Property Market Rise but so is Household Debt

UK Property Market

Across the UK house prices are slowly starting to rise, with average increasing by 8.4% in the in 12 months up to last August.  The main contribution is mainly from England where the increase is 9.2%.  But what is noticeable is that the regions which backed Brexit most strongly have seen the strongest house price growth.

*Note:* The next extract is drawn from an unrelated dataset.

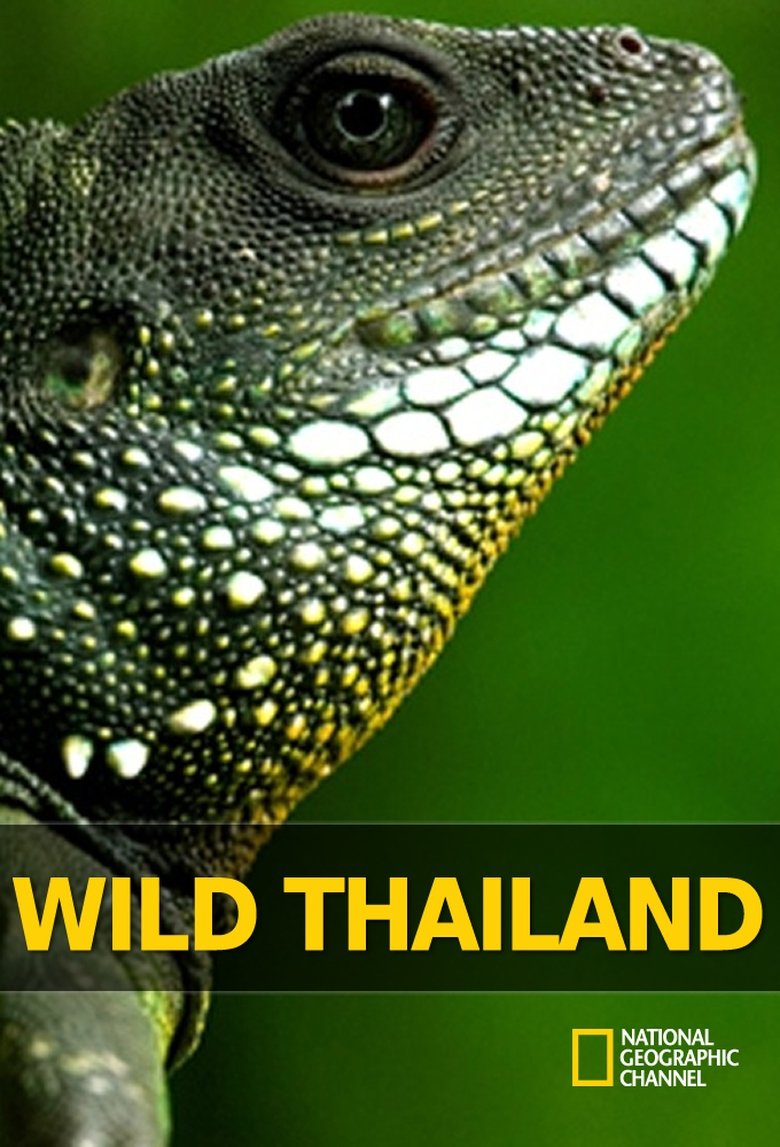 Wild Thailand Poster of Wild Thailand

For Northern Ireland the continuing effort to return to the ‘glory days’ has been a rockier road, with a momentous climb to ever get to the prices of pre 2007. Northern Ireland experienced a huge house price bubble in the years leading up to 2007 before the market crashed. Prices more than halved between 2007 and early 2013 but have been increasing gradually since then. Now with an increase of 6% over 2015-2016 Northern Ireland Housing Executive said there has been stability for more than 2 years now even though with warnings of ‘real tests’ in 2017.

Household Debt

All positive news for the Property Market. However, household debt across Britain and Northern Ireland rose sharply last year, with more families having to borrow to supplement their pay, a study reveals. And that means the average household now owes a record amount of £12,887, even before mortgages are taken into account.

It is researched that the majority of borrowers will be able to cope with this extra debt. However, if the economy does indeed suffer in 2017, this borrowing could become more difficult to repay, and some households risk finding themselves exposed to sudden changes in financial circumstances.

So in comparison, as house prices increase, those families living in them are likely struggling with their personal finance. The uncertainty that will arise over the next few years because of Brexit will undoubtedly impact on these matters, but it is much too early to estimate the size of this impact at this stage.

Through no fault of their own, the biggest impact will hit first time buyers. Interests rates are likely to rise and with wages not moving in line with price hikes, it is evident that there is a serious debt bomb waiting to tick.